Existence of solutions

Does the equation 3x = 2 have a solution?

You might think: “What a dumb question! Of course it does! It’s 2/3.” Well, you are not wrong… IF we allow x to be a fraction.

But what if we want x to be an integer? Since 2 is not a multiple of 3, there is no integer x that will make 3x = 2 a true statement, and what does that imply? The equation has no solution.

Now you might think: “All right, fair enough. But why would somebody want to impose a restriction on the solution?”

A good reason is that some restrictions are inherent in the problems we are faced with.

Consider this situation. Suppose you have 2 free movie tickets, and you want to watch the movie with 2 other friends. How can you split the tickets among the 3 of you?

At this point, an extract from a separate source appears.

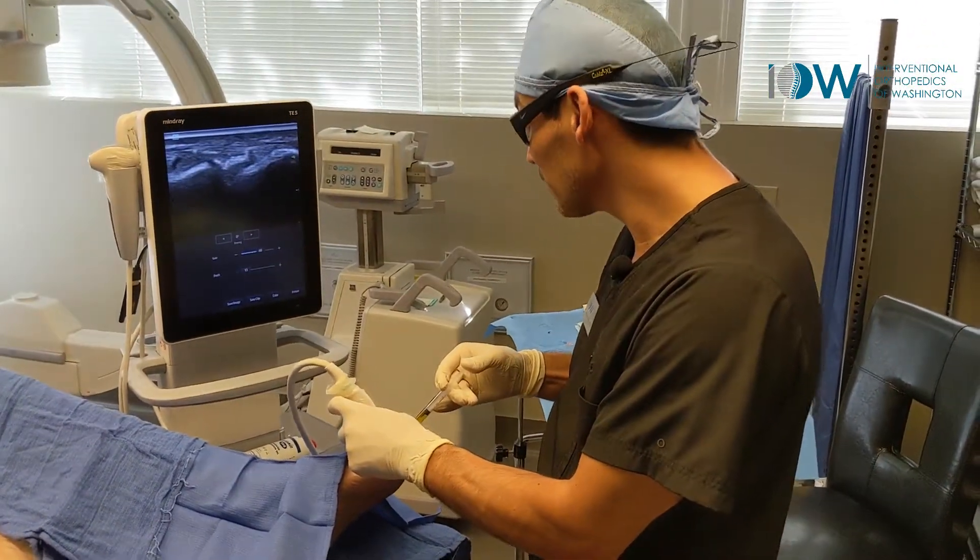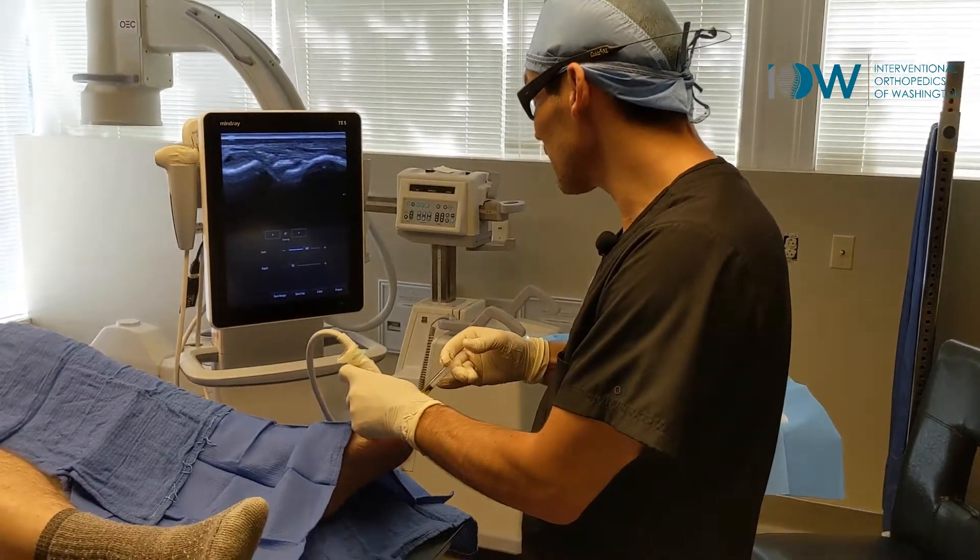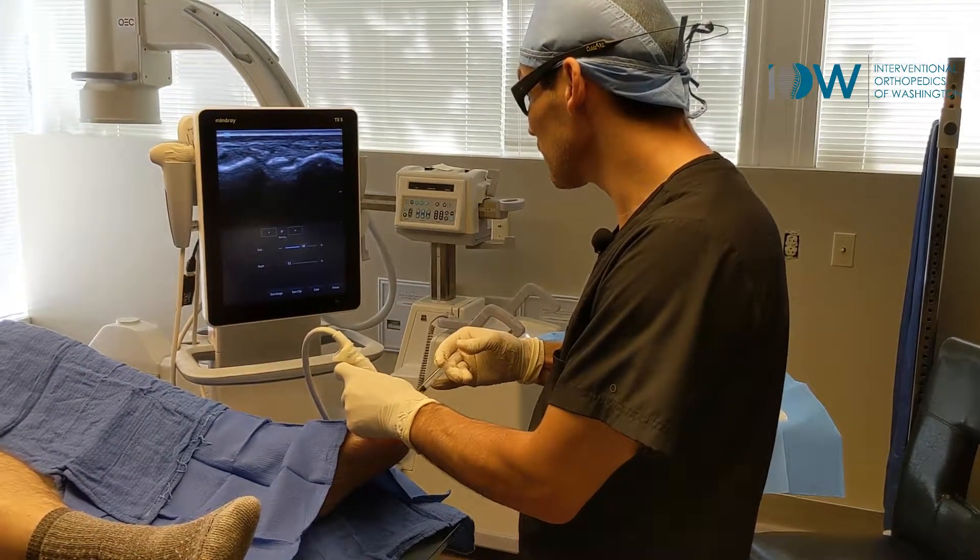Most people are just injecting the intra-articular space without treating this capsule. It's important to get it.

The answer is, you can’t. You can’t simply let each of you take 2/3 of a ticket. To enter a cinema, each person needs a whole number of tickets (actually just one, but you get the idea). Therefore, there is no solution in this case. You either have to get an extra ticket, or get rid of a friend from the movie outing.

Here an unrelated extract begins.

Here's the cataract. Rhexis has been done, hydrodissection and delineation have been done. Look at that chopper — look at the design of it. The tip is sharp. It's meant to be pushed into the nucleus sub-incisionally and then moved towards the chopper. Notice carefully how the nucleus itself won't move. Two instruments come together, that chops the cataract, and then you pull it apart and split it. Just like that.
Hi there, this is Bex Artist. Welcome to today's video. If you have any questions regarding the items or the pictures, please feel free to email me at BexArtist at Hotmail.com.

All right, so here’s the main point I want to drive home:

The existence of a solution depends not only on the equation itself, but also on what the variables can be.

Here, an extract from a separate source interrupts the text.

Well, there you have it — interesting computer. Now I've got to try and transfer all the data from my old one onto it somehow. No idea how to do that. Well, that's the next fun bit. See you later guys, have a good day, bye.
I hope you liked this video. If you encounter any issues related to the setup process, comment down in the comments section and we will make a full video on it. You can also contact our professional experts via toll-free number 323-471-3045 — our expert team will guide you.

For the rest of this post, we are going to look at several cases of the number of solutions. To avoid ambiguity, let’s assume that the variables can be any numbers on the usual number line (or “real numbers” in mathematical parlance).

No solution

Consider the equation

$\displaystyle x+12=x.$

If we try to subtract the variable x from both sides, we will arrive at 12 = 0 which is absurd. Hence, there’s no number we can assign to x to make the equation a true statement, meaning the equation has no solution.

There’s also a way to interpret it geometrically. If x were to satisfy the equation, then after we move 12 steps to the right from x, we should be back to x. This is not possible if we move along the number line (see Remark 2.1), and that’s why a solution does not exist.

One unique solution

We’ve already seen one example in this post, so let’s study something different. This time, we have more than one equation and more than one variable.

$\displaystyle 3x+2y=10\\\\ \displaystyle 2x-5y=13$

We call the collection above a system of equations. A solution to the system is an assignment of values to all the variables that makes all the equations true simultaneously (i.e. a common solution). That’s why a system like this is also called simultaneous equations.

Let’s try the pair x = 4 and y = –1 and see what we get:

$\displaystyle 3(4)+2(-1)=10\\\\ \displaystyle 2(4)-5(-1)=13$

Since the assignment yields two true statements, it is a solution to the system. Moreover, with some extra work, we can actually show that it is the ONLY solution, but that’s a topic for another day.

“More than a finite” (or infinite) number of solutions

Recall that in Remark 1.1 we saw the inequality

$\displaystyle 10x-4<5x+2$

for which x = 1 is a solution. In fact, after some manipulation, the above inequality can be simplified into $x<\frac{6}{5}$ . As a result, any number that is smaller than 6/5 is a solution, and there are “infinitely” many of them!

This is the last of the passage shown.